● **WORK TASK**
Starting at the line that contains "Crystal Ice Grey /", reproduce every line through the end of the entries below, with no pictures in the copy.

● **RECORDS FOR THIS EXERCISE**
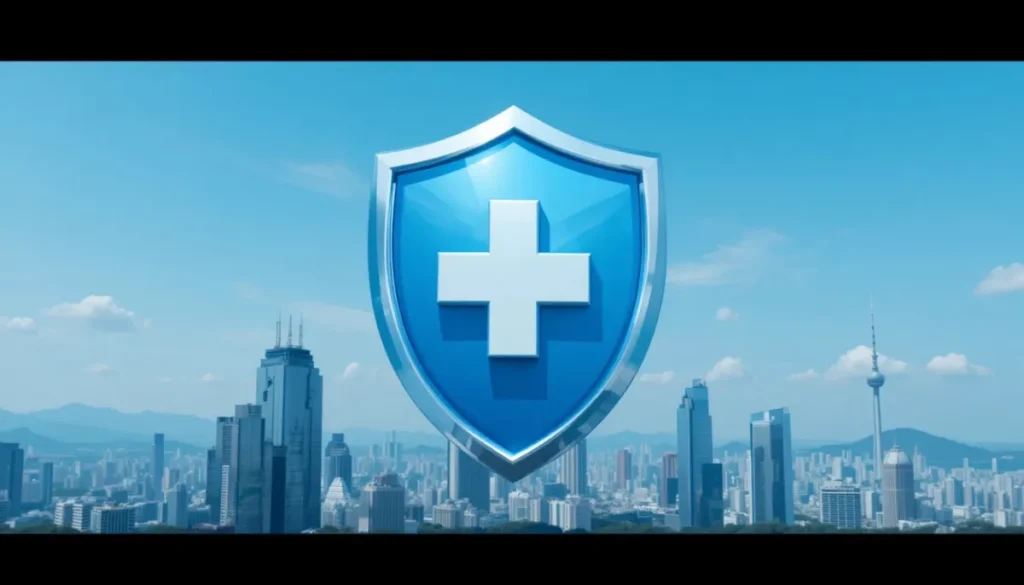 도시 위 건강보험 방패 아이콘 모습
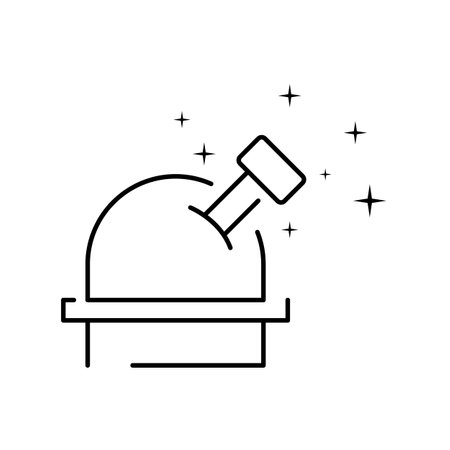 Line Telescope icon illustration isolated vector sign symbol and observatory.のイラスト素材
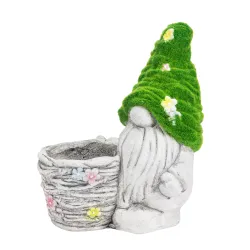 Sodo dekoracija Nykštukas Garden Center QNLR01H, 30 cm x 18 cm x 36 cm, balta sp.-žalia sp.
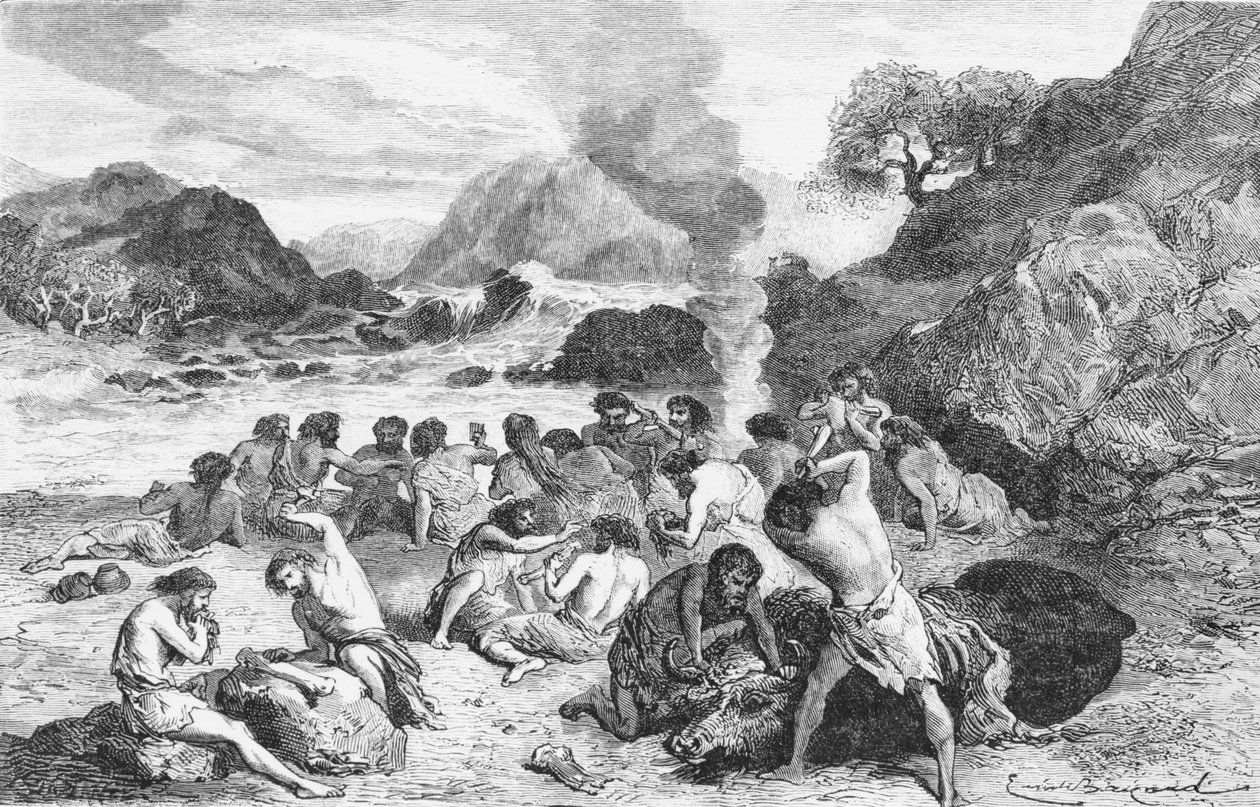 Ünnep a kőkorszakban, illusztráció az LHomme Primitif című művéből, Louis Figuiertől, kiadó: Hachette, 1870 alkotó: French School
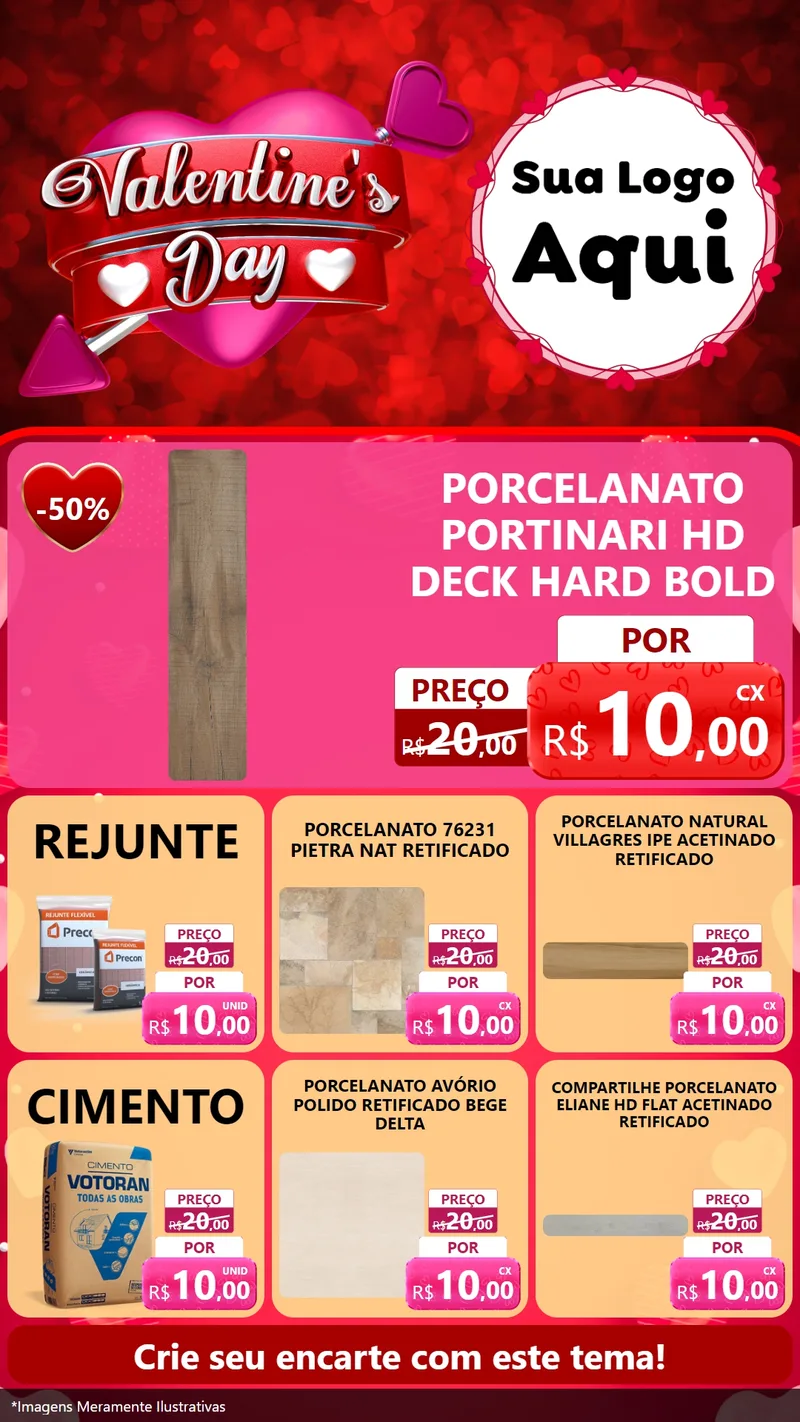 Modelo de Rede Social para Stories com o tema Valentine's Day para Pisos e revestimentos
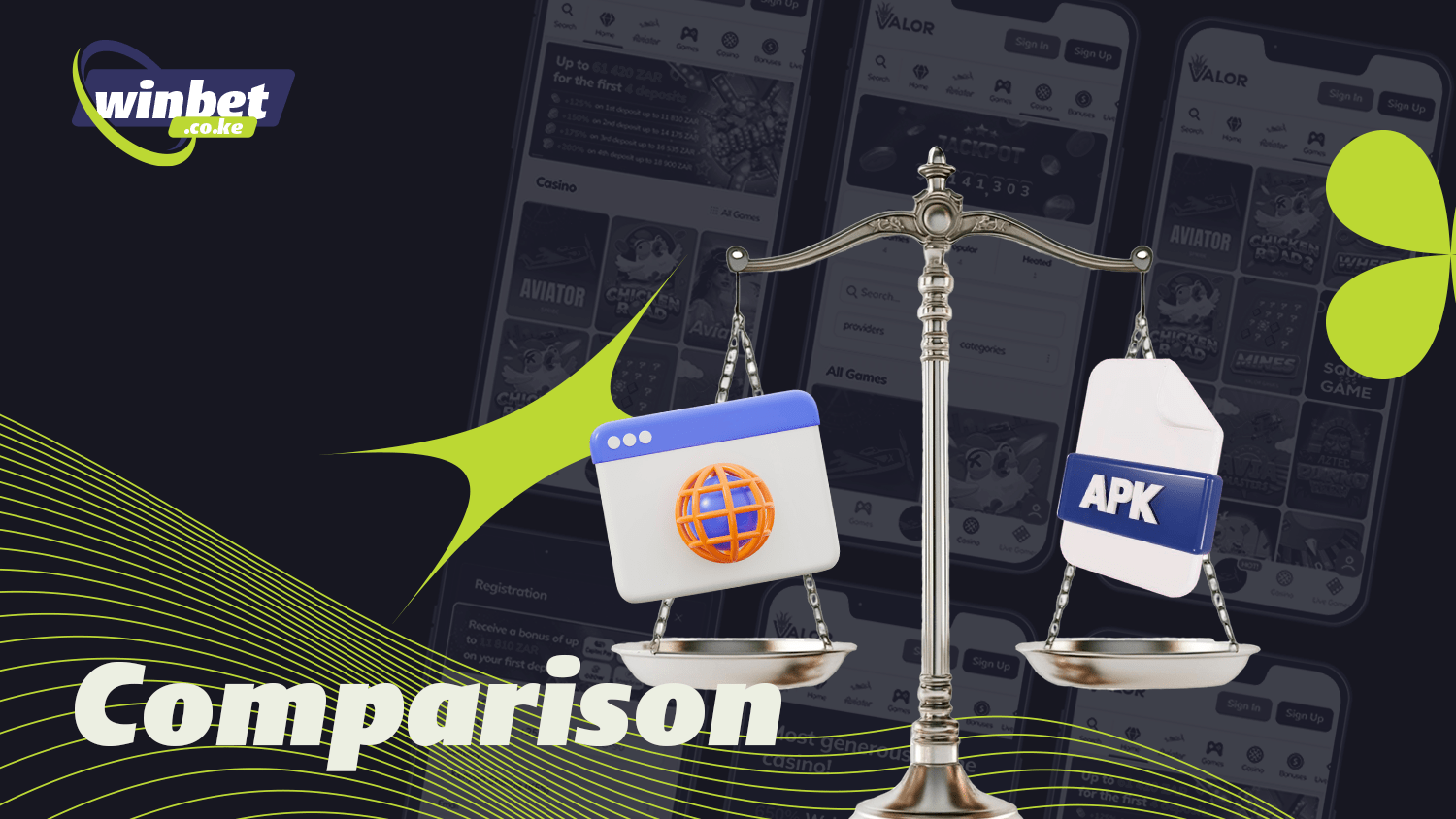 Compare Valor casino website and mobile app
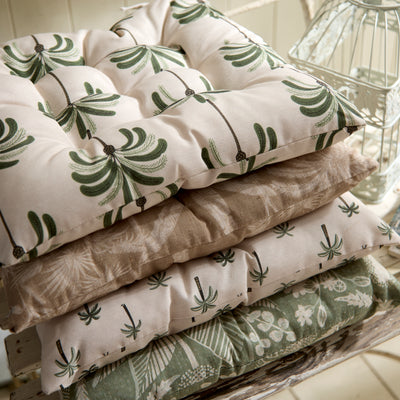 Palm & Botanical Print Outdoor Seat Cushion with Ties – Large Palm Grove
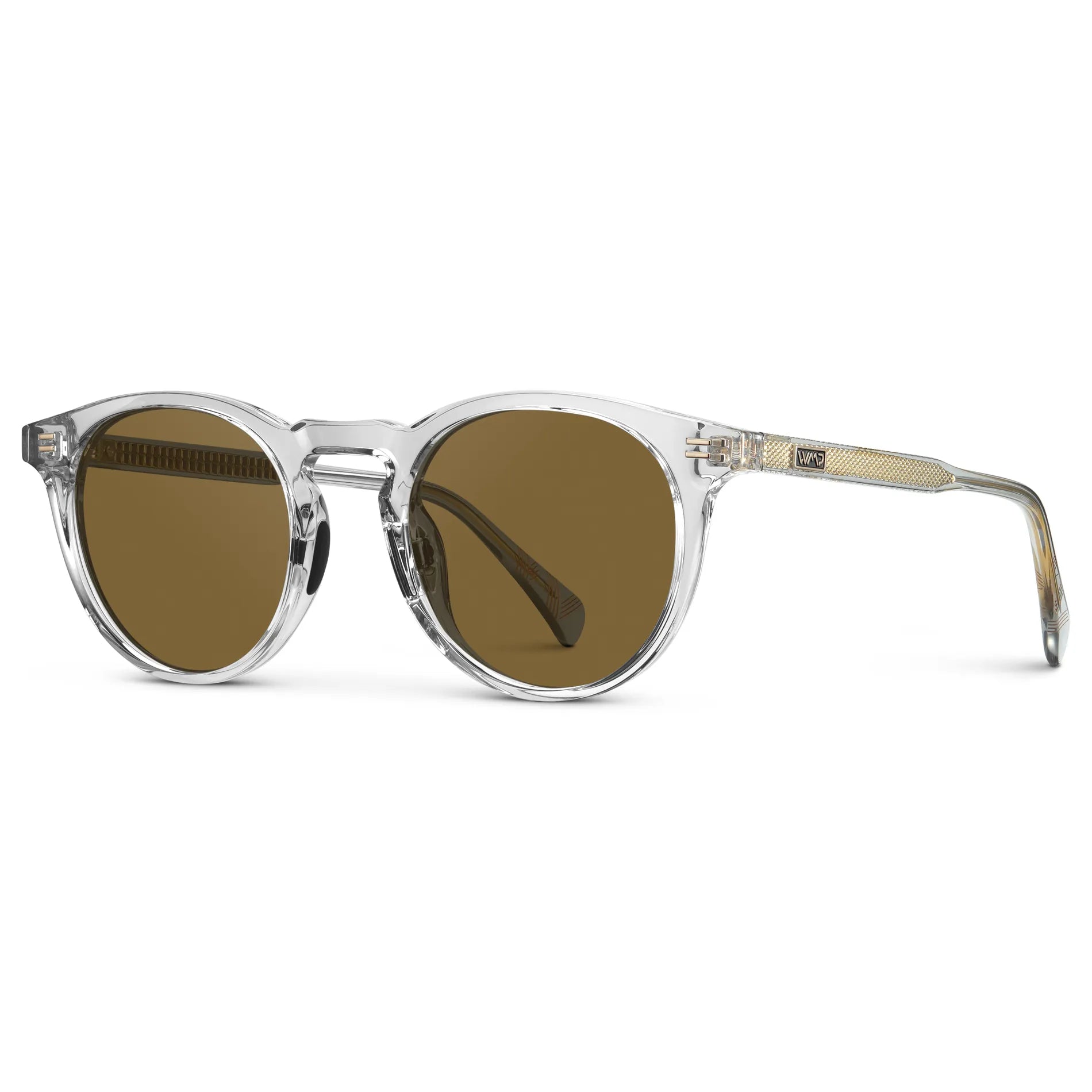 Crystal Ice Grey / Amber || Side view of Men's Round Prescription Sunglasses with Crystal Ice Grey Frame and Brown Lens on a white background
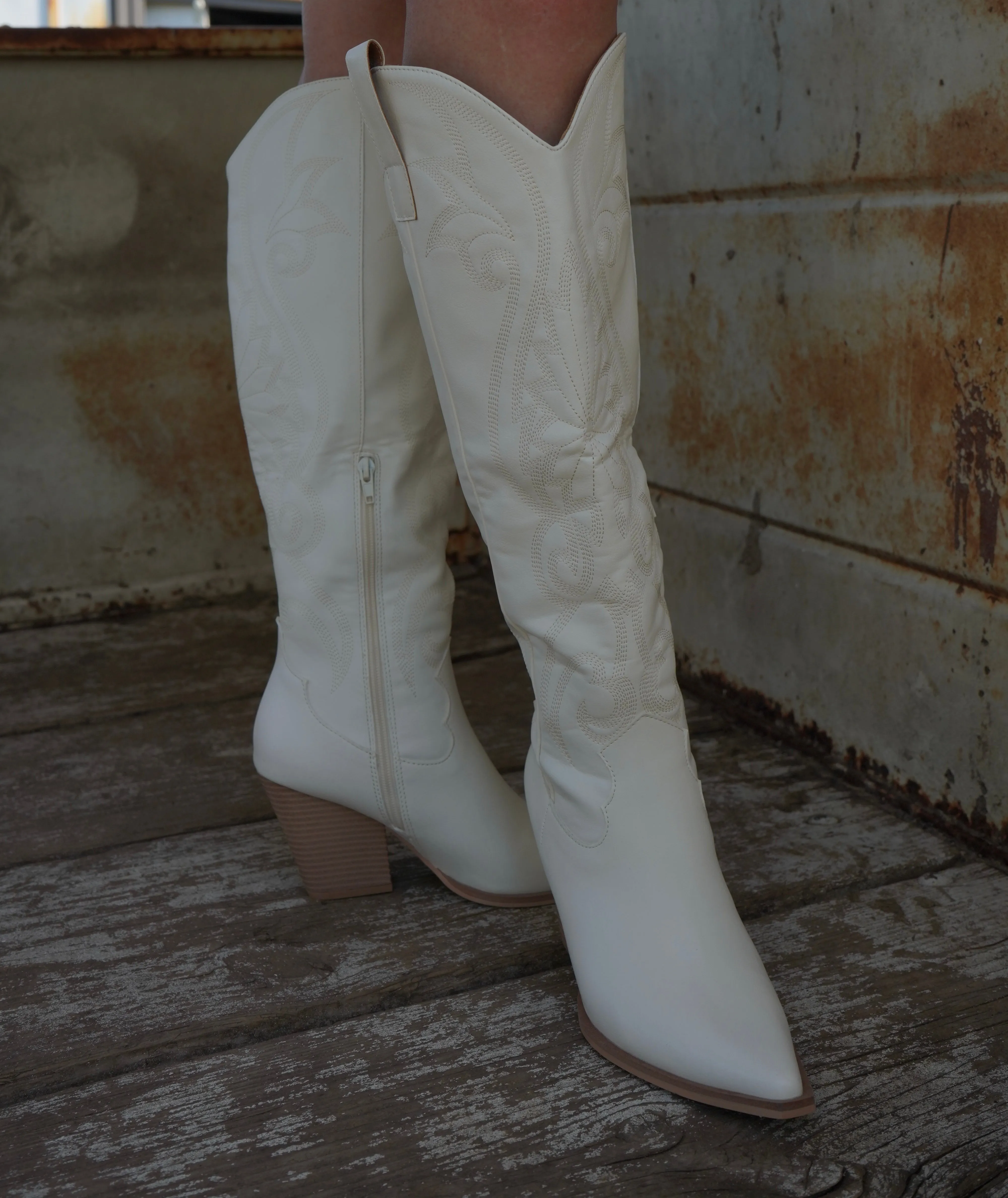 Gia White Knee High Boots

● **OUTPUT OF THE TASK**
 Crystal Ice Grey / Amber || Side view of Men's Round Prescription Sunglasses with Crystal Ice Grey Frame and Brown Lens on a white background
 Gia White Knee High Boots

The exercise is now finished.